According to Congressional Budget Office research, the average US household will pay an additional $175 a year in energy costs by 2020 under the proposed legislation, but the real impact will likely be far worse. Under cap and trade, the price of carbon is uncapped and dictated by the market. Ordinary people’s ability to afford to fuel their car and heat their homes is therefore at the mercy of the activities of the carbon market speculators.

Buried within the American Clean Energy and Security Act is a provision—reportedly inserted in the middle of the night before Friday’s House vote—which, from 2020, mandates the president to impose tariffs on imports coming from countries which have not limited their greenhouse gas pollution.

The clause, apparently directed against countries such as India and China which are exempt from emissions targets under the Kyoto Protocol, has the potential to drastically escalate international trade tensions amid intensifying rivalries between the major powers.

Cap and trade schemes internationally have generated economic nationalist demands. In Europe in recent years, several high profile politicians, including French President Nicolas Sarkozy and European Commission President José Manuel Barroso, have called for trade barriers to be erected against the US and other countries without carbon emissions standards equivalent to those of the European Union.

Obama yesterday attempted to play down international concerns by distancing himself from the bill’s tariff provision. “At a time when the economy worldwide is still deep in recession and we’ve seen a significant drop in global trade, I think we have to be very careful about sending any protectionist signals out there,” he told reporters.

The threat of a retaliatory trade war sparked by the national carbon trading scheme underscores the absence of any effective solution to global warming within the framework of the capitalist system.

Climate change can be addressed only on a global basis. But the division of the world into rival nation states, a basic characteristic of capitalism, stymies any rational and systematic international cooperation. Each national government seeks to gain advantage over others for the business interests it represents.
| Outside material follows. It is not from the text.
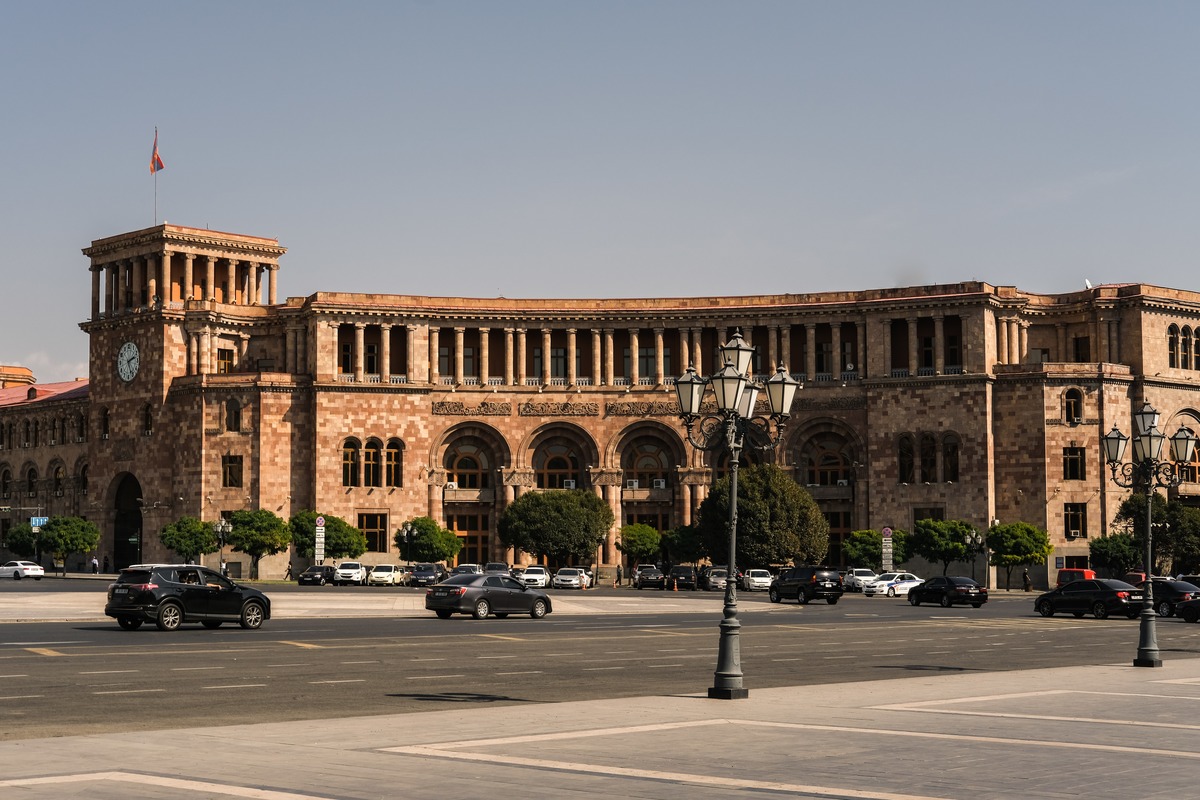 Armenian Foreign Ministry responded to Aliyev's statements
At the same time, the private ownership of the means of production stands as an insurmountable obstacle to the rational utilization of available technologies to address global warming. Powerful vested interests sabotage measures that impinge on their wealth and profits.

What is required is a socialist program, which has as its aim the establishment of an internationally planned economy oriented towards satisfying social need rather than maximizing profit and private wealth.
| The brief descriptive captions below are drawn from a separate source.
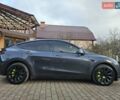 Серый Тесла Model Y, объемом двигателя 0 л и пробегом 30 тыс. км за 26800 $, фото 7 на Automoto.ua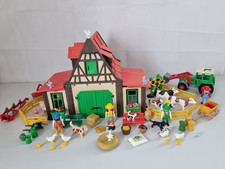 Playmobil 3716 / 3718 Bauernhof mit Traktor ? 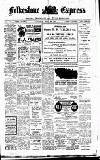 Folkestone Express, Sandgate, Shorncliffe & Hythe Advertiser Saturday 22 April 1911 Page 1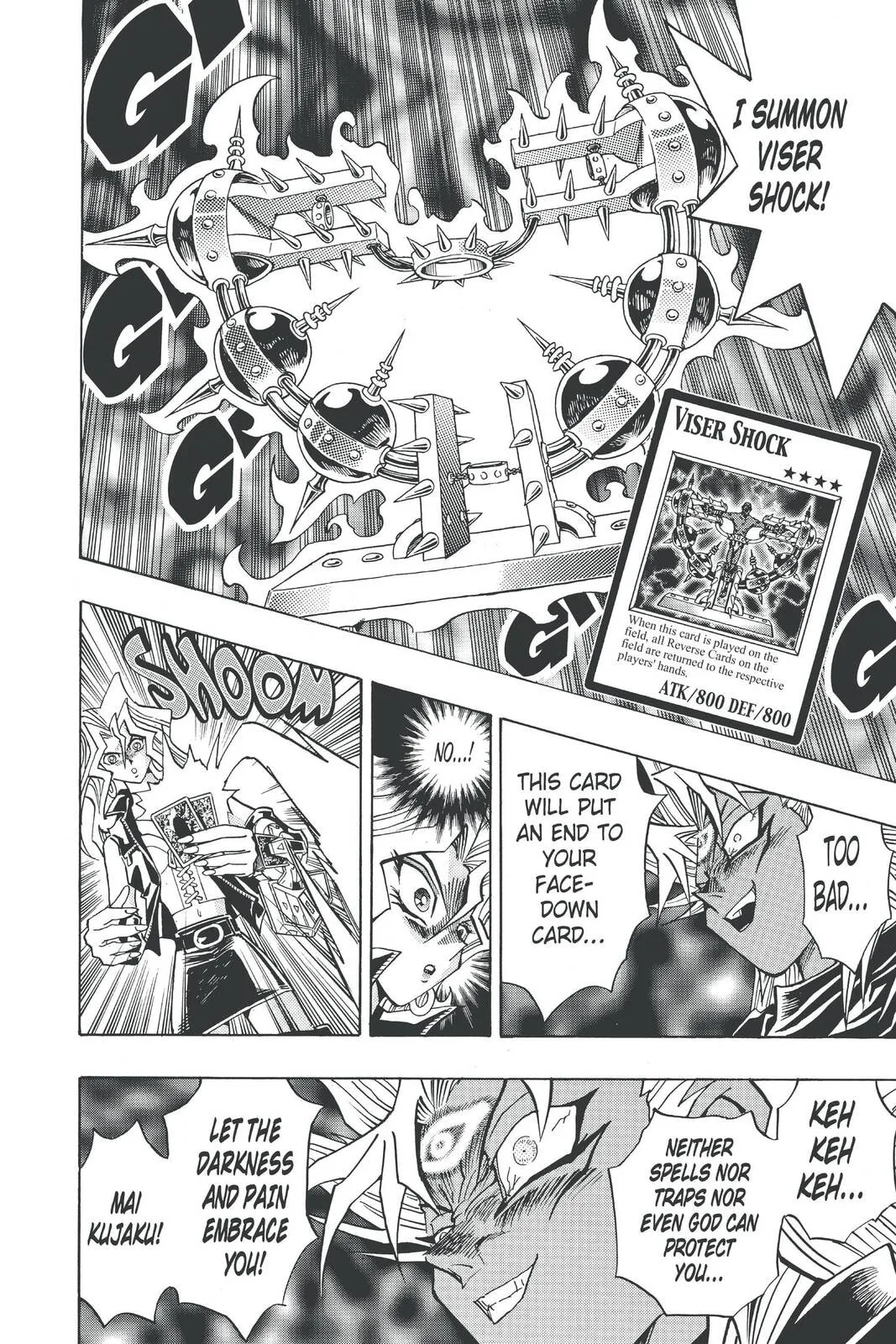 Yu-Gi-Oh!, chapter 222, page 12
The lowering of carbon emissions to their required levels—while at the same time increasing people’s living standards internationally—requires the rational reorganization of the world economy, including the restructuring of energy, industrial and agricultural production, along with urban and international transport. This in turn depends upon the development of an independent movement of the American and international working class.